今の人たちでしたらほんとうにこどもを愛する親なら、どうしてこどもの願いを無視するのか、こどものほんとうの思いをくみとれない親なら、それはエゴイストではないか、孝行とはエゴイズムの別名ではないかと考えるに違いないようなことでも、かつては親への服従がなによりも大切でした。その親子関係がやがて主従関係に押し広げられ、やがては国家主義へ巧妙にエスカレートしてゆくのですが、日本では、過去の孝行はひどく浅薄な考え方の上にたっていたように思えてなりません。

それはこういうのです。親は苦労をして子供を育てる、これまでに大きくしてくださった親の恩は海より深く山より高いのだという発想です。子供がしんからそうひとりでに思えるのはとても結構で、私はそれを否定する気はさらさらありません。ただ親がありがたいと思えと子供に押売りして、そこから孝行という行動の形式を導き出すようになると、これはまちがっていると思います。言わなければわからない恩が果してほんとうの恩でしょうか。

私はしょせん「愛」とは報いをまったく期待しない行為だと思います。
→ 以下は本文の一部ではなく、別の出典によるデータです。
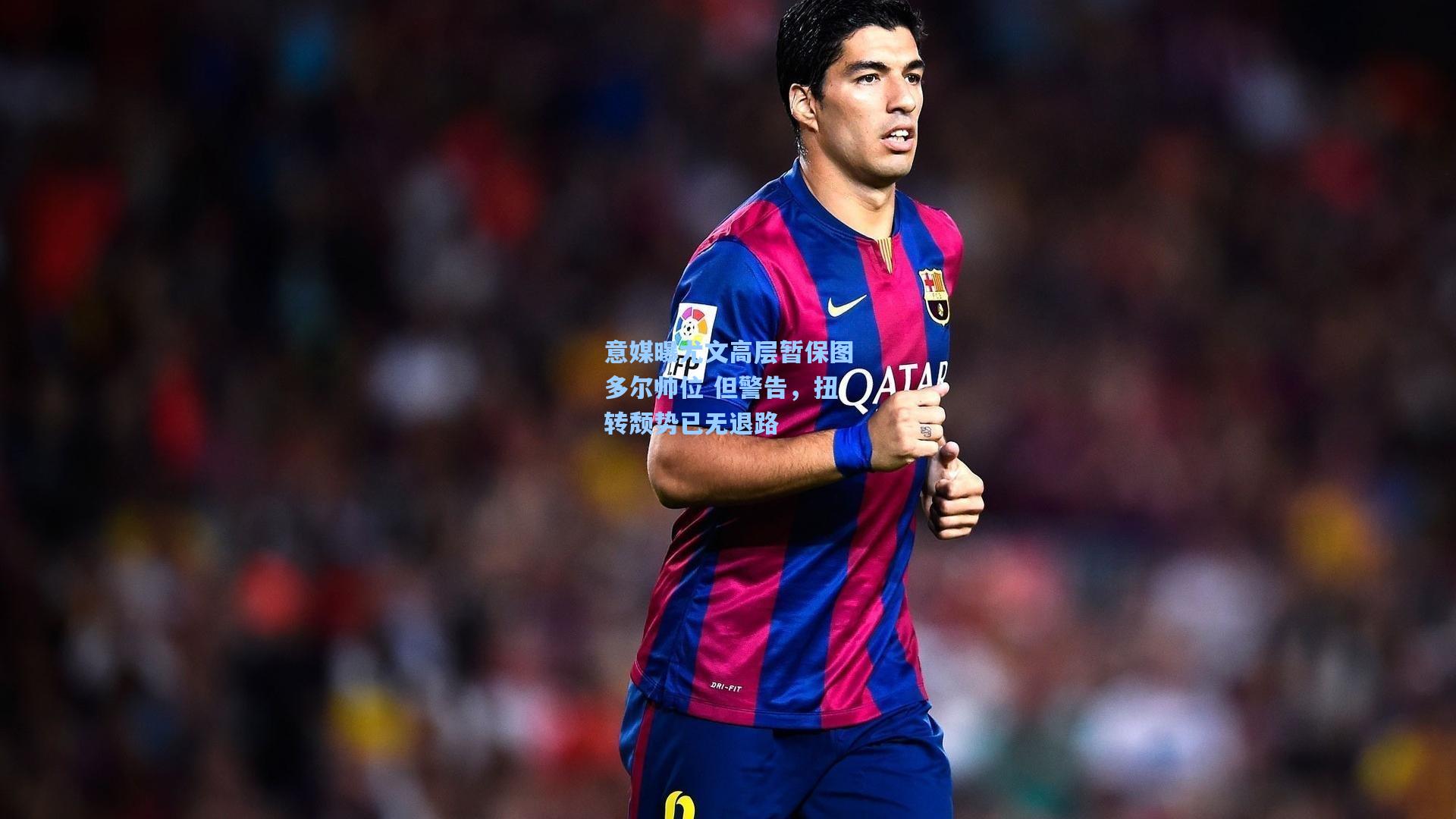 意媒曝尤文高层暂保图多尔帅位 但警告，扭转颓势已无退路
これこれをしたらこれこれのことが返ってくるだろうという期待で行動することは、もちろん人間の行動の中に大変たくさんありますが、愛というものだけはそうではないのです。せずにおれない、その人へのわたしの思いの深さがそうさせてしまう、それが愛のひそやかで真実の姿ではありますまいか。

ほんとうの失恋

 話は少し違いますが、失恋した人にときどき打明話を聞くことがあります。涙ながらにその人は愛した人のおもかげを語ります。でもときどき私は、その人は果してほんとうにその恋しい人を愛していたのかしらと不思議に思うことがあります。もちろん報いられない愛というものの悲しさは存在します。その人と肩を並べて歩いたかっての道を通り、同じ木立ちが風にそよいでいるのを見ただけでも涙は溢れてきます。去った人に、ほんの少しでも関係のあるものに触れれば、それだけで胸はズッキリと痛む思いです。それはたしかですけれども、私がおかしいと思うのは、中に自分の愛にこたえてくれなかった人をののしる人がいるということです。これほどわたしは彼を愛し、これこれのことをしたのに、披は一顧だにしないと言って相手への怨み腹立ちをくどくどと言う人です。
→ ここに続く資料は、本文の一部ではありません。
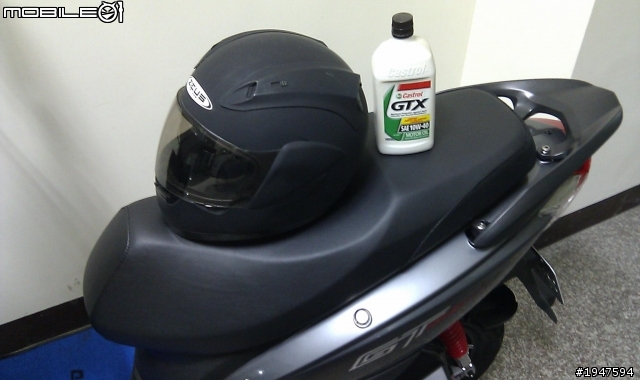 GT 125 Evo 低調開箱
 私はそれは功利の立場であると考えます。ほんとうの愛がかりに悲しい結末に達した時、ほんとうの愛は涙に濡れながらひっそり別れることができるのです。まことに愛しているのなら当然のことでしょう。愛する人がそう思わないことを、どうしてそう感じろ、そう思えと強いることができるのでしょう。むしろ悲しい形ではあっても、愛することに対する機縁を与えてくれたその人に感謝してもいいのではないでしょうか。

そんなきれいごとで、たとえば男女の愛が語れるものかと人は言うかもしれない。しかし、さまざまの人間関係の間に成立することも可能な愛の実際の物語りを聞く時、そして時にはまざまざとこの目に見る時、私はやはり愛とは期待しないことをその本質とすると思えてなりません。献身や犠牲という行為は、それが強いられた時には残酷な、そして人権無視的な強制になりますが、それがみずからの求める行為となる時は、すぐれて人の心をうつ、もっとも尊い人間の姿となります。それはやはり対象への愛の深さが、期待しないどころか、極端な場合は、自分を消し去ってさえ愛を全うするのです。
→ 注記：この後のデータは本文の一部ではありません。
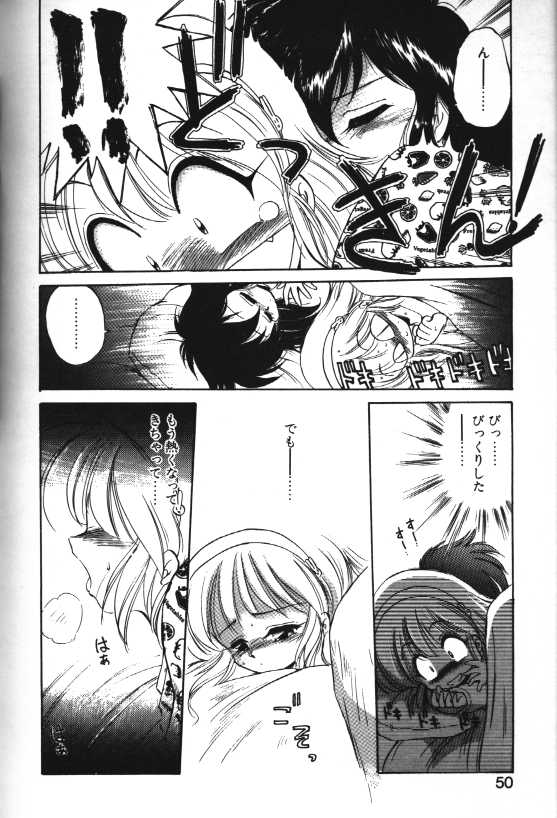 Yoru o Futari de... page 10 full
まして自分の心が相手に通じたり同じように思ってもらえないからといって、相手を怨むというのは、結局その人が、自己中心の愛まがいの行動をとっていたにすぎなかったということではないでしょうか。どうしても愛に報いを求めたいなら、ヒョッとするとまず直ちにやってくる愛のしるしは悲しみであることが多いものであるということです。ほんとうの愛することの喜びは、その後におとずれるかもしれないものでしょう。

 親の子に対する愛も、しょせんはそのようなものでありましょう。そう考える時、どうして、孝行せよ、この頃のこどもは、昔と違って孝行することをばかにする、というようなことが言えるでしょう。なるほど昔は、今だとまったく親をばかにするようなこどもも、社会的な行動の型として、親を形だけは大切にする態度をとったでしょう。その意味ではたしかに昔の方が親にとって生きやすい世の中だったと言えるでしょうし、さきほどの婦人会のおばさんたちの発言にしても、そのへんに論点を感じとっていると思います。しかし、ここでとりわけはたらく婦人が母として、親として子供と相対する時、強いられた関係としての孝行を期待するのではなく、自然に湧き出てくる結びつきを作り出してゆきたいものだと思います。

 私は十五・六才の頃、中勘助の「銀の匙」を読んで非常に感動したことを覚えています。今もこの作家は大好きな人のうちの一人ですが、その中の一節はある意味で実に深刻な話でした。「銀の匙」というのは、作者の幼児時代を通した成長の追懐記で、すぐれた抒情に溢れた作品です。夏目漱石も非常に注目したということですが、その話というのはこういうことです。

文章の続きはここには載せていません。